### Exercise prompt
The answer should be a faithful retyping of the records that follow, pictures excluded.

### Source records
*** Begin section ***

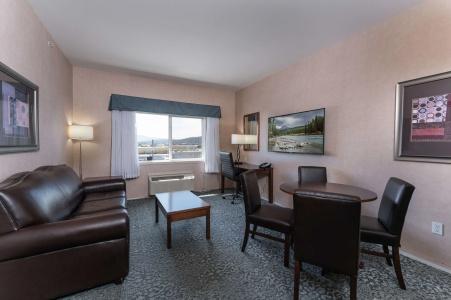 Best Western - 82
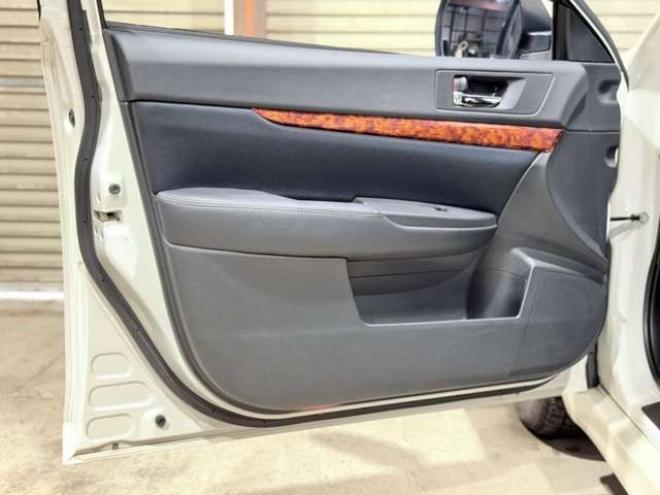 レガシィB4 2.5 i Lパッケージ 4WD　下廻防錆TVナビETC 2500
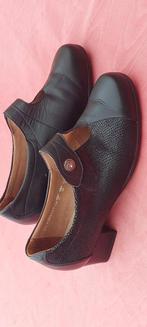 Schoenen maat 6.5 (40) solidus, Schoenen met lage hakken, Solidus, Zwart, Ophalen of Verzenden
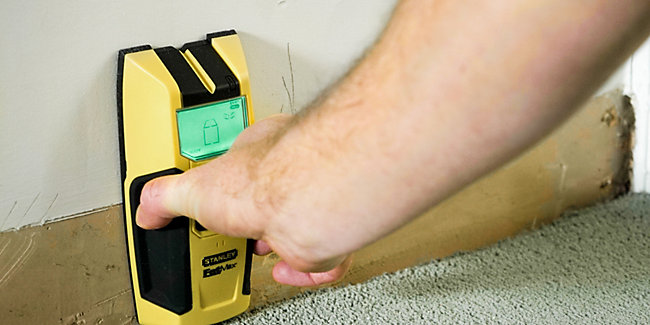 outils pour fixer les plinthes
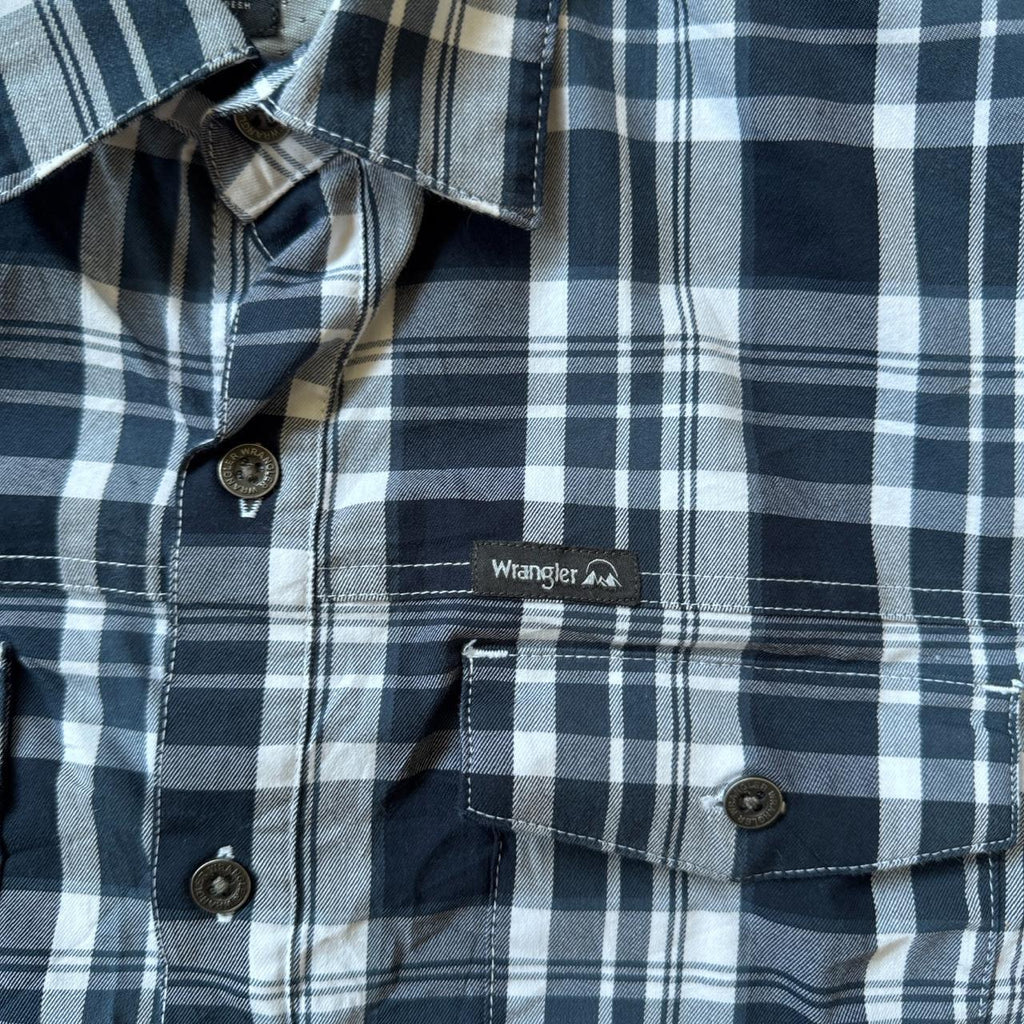 Wrangler Regular Fit Navy and White Plaid Button-up Shirt Size L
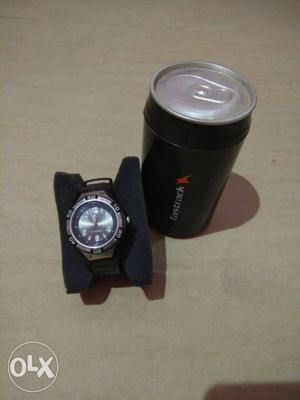 Fastrack men's watch..1 yr 2 months old in new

*** End section ***

### Problem solution
 Best Western - 82
 レガシィB4 2.5 i Lパッケージ 4WD　下廻防錆TVナビETC 2500
 Schoenen maat 6.5 (40) solidus, Schoenen met lage hakken, Solidus, Zwart, Ophalen of Verzenden
 outils pour fixer les plinthes
 Wrangler Regular Fit Navy and White Plaid Button-up Shirt Size L
 Fastrack men's watch..1 yr 2 months old in new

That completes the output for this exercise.